Several years ago I read a couple of interesting interviews with language designers, so my curiously was piqued by Masterminds of Programming: Conversations with the Creators of Major Programming Languages (Theory in Practice (O'Reilly)). While the title is pretentious, the premise was interesting in that here are 17 well-used languages, so what was the designer thinking? Why did he make the choices that he did?

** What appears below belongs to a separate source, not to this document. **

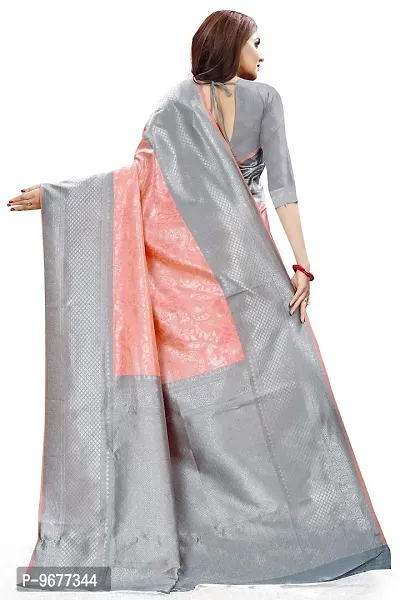 Kanjeevaram Silk Saree Traditional Women's Wedding Piece Bollywood Designer Grey Peach-thumb3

Alas, it was not quite to be. Interesting yes, but the discussions were sometimes more general involving all of computer science. Yet nearly every interview had memorable lines and claims; a few of which I shall reproduce here:
"C is a reasonably good language for compilers to generate, but the idea that humans beings should program in it is completely absurd." - Bertrand Meyer, Eiffel
"One of our programming languages guys proposed a competition in which people would program the same program in all three of those [languages] and we'd see .... It turned out the only thing we figured out is it all depended on where the brightest programmer went...." - Charles Geschke, PostScript
"A good programmer writes good code quickly. Good code is correct, compact and readable. 'Quickly' means hours to days."
and
"An operating system does absolutely nothing for you. As long as you had something - a subroutine called a disk driver, a subroutine called some kind of communication support, in the modern world, it doesn't do anything else." - Chuck Moore, FORTH
"I do recommend [C++] and not everybody is reluctant. In fact, I don't see much reluctance in [system software or embedded systems] beyond the natural reluctance to try something new in established organizations. Rather, I see steady and significant growth in C++ use."
and
"I have never seen a program that could be written better in C than in C++. I don't think such a program could exist." - Bjarne Stroustrup, C++
So now I go to Amazon to remove the book from the list to read, and record a score of 3 out of 5.